As the calendar turns to March, the full squad (actually less than full due to the World Baseball Classic) already is into the exhibition schedule. That means we know baseball at Camden Yards is just a month away. And the double down of excitement is that the Orioles haven’t had a single losing season in the past five years of the Dan Duquette regime.
Despite an inglorious 14-year run from 1998 to 2011 that saw the O’s combine to go 990-1277 (.437 winning percentage), that was then and this is now. And the now under Duquette has been sensationally better — try 444-366 (.548 winning percentage) with three playoff appearances over these same five years.
Sure, Andy MacPhail did a lot of heavy lifting in his 4½ seasons as the team’s president of baseball operations. MacPhail was the architect of one of the greatest trades in Orioles history — Erik Bedard to Seattle for Adam Jones, Chris Tillman, George Sherrill and two other pitching prospects.
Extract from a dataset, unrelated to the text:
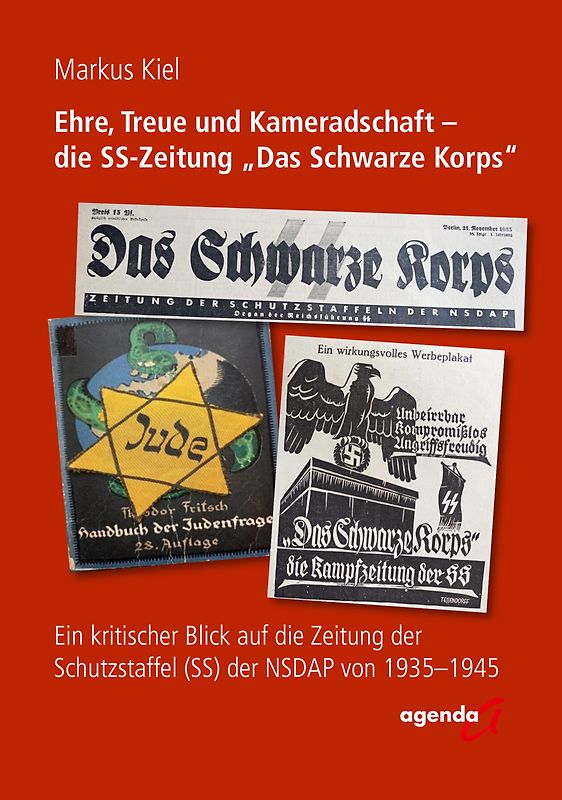 Ehre, Treue und Kameradschaft - die SS-Zeitung "Das Schwarze Korps"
MacPhail also pulled off the deal that moved the O’s to Sarasota and landed the team a gem of a home at the renovated Ed Smith Stadium.
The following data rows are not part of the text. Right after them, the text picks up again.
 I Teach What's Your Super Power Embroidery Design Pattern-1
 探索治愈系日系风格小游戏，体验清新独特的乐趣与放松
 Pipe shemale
It was also MacPhail who hired Buck Showalter as the team’s manager in 2010. Just a year later, it was MacPhail who was able to acquire Chris Davis as part of the transaction that sent Koji Uehara to Texas, just before he would resign at the end of the 2011 season.
But MacPhail had zero winning seasons, and Duquette in his five seasons has yet to have a losing season
Love or hate him, Duquette is one of the most audacious guys you’ll ever meet. While he has yet to drink the victory champagne, Duquette took off — or was forced to take off — nine years from the work he was born to do: building teams that could challenge to win it all.
In what you do for a living, if unable to do that job for nearly a decade in the prime of your career, would you have the confidence to come back and still have stayed up with all that your job had evolved into?
The nine-plus seasons Duquette was away from Major League Baseball were not exactly the laid-back and easygoing years of the ‘60s, ‘70s or ‘80s. No, from 2002 when he was fired by the Boston Red Sox until he began to seek employment as a general manager in baseball again in 2011, was a time of unreal change in the game.
Duquette grew up in the game by old-school baseball lifers like Harry Dalton and the great scout Walter Youse. His teachers were mostly all “eyeball guys” who measured what players could do more by their own tried-and-true smell tests.
How was Duquette able to come back nine years later and straddle that fine line of judging talent by eyeballs and mathematic equivalencies? That’s incomprehensible to me.
Baltimore’s baseball landscape is the best it’s been in the now nearly 25 years of the Peter Angelos regime. Despite early and frequent criticism of Mr. A in his first decade, I now realize that what me and my kind lamented as the loss of “The Oriole Way” was also lost in nearly every single baseball city in North America. Our loss was more severe, simply because for us we fell so much farther than the mediocre or the inept.
This season may not bring us that next elusive pennant we’ve been praying for since Reagan was president in 1983. But one thing for sure is baseball in Baltimore has been fun again these past five seasons. Dan Duquette and his audacious mindset are a huge part of the new winning equation in Birdland that shows no sign of stopping anytime soon.
Stan “The Fan” Charles is founder and publisher of PressBox.